Elsevier

Electrochimica Acta

Volume 398, 1 December 2021, 139338
Electrochimica Acta

Nanostructured Co3O4 electrocatalyst for OER: The role of organic polyelectrolytes as soft templates

https://doi.org/10.1016/j.electacta.2021.139338Get rights and content

Abstract

Designing an efficient electrocatalyst for the oxygen evolution reaction (OER) in alkaline media is highly needed but very challenging task. Herein, we used organic polyelectrolytes such as (carboxymethyl cellulose) CMC and polyacrylamide polymers for the growth of Co3O4 nanostructures by aqueous chemical growth method.
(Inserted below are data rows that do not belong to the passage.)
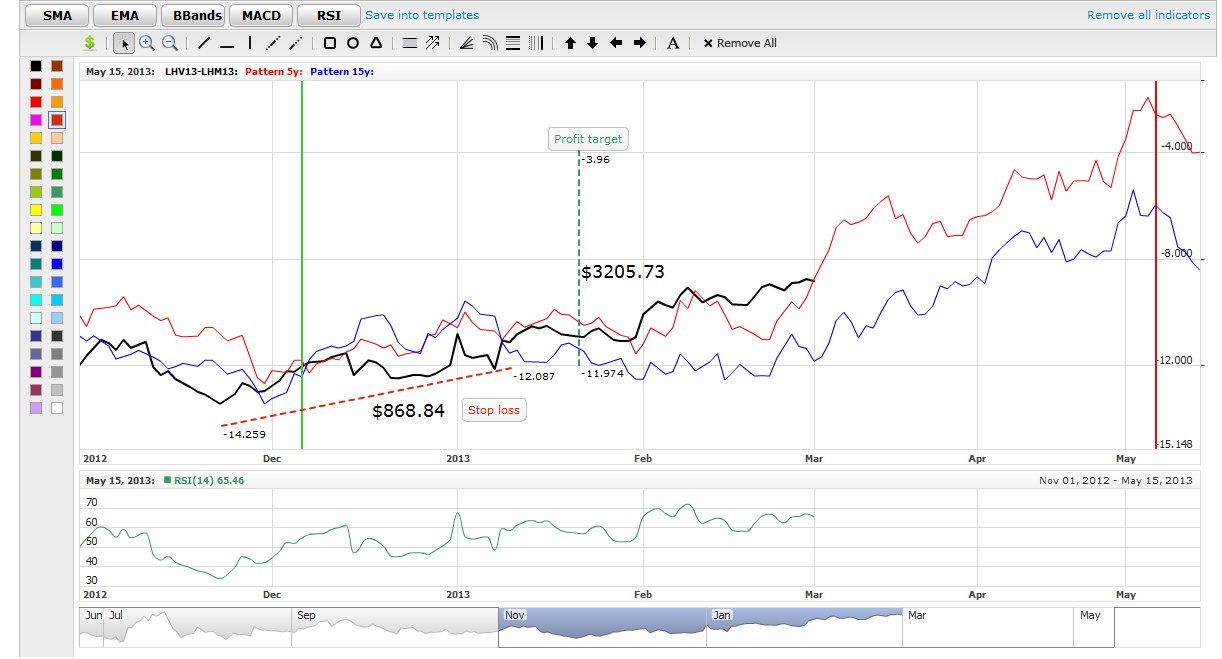 interactive chart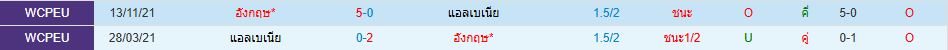 ทีมชาติอังกฤษ พบ ทีมชาติแอลเบเนีย ยูฟ่า เนชั่นส์ ลีก วิเคราะห์บอล ซอร์ทเบท Sortbet_1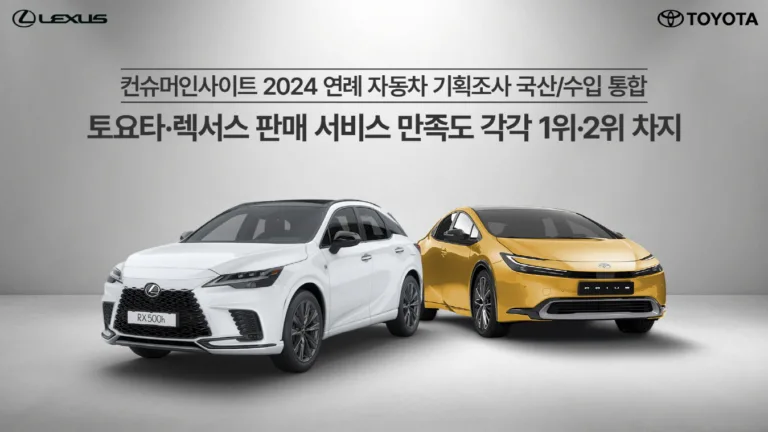 컨슈머인사이트 토요타·렉서스, 판매 서비스 만족도 각각 1위·2위 차지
The morphology and composition studies were performed on scanning electron microscopy (SEM), energy dispersive X-ray (EDX), powder X-ray diffraction (XRD), X-ray photoelectron spectroscopy (XPS) and high-resolution transmission electron microscopy (HRTEM) techniques. The structural properties and the surface chemistry of the Co3O4 electrocatalysts were correlated to the OER performance, and the enhancement mechanism with respect to pristine Co3O4 was observed to be specifically related to the polyelectrolyte templating role.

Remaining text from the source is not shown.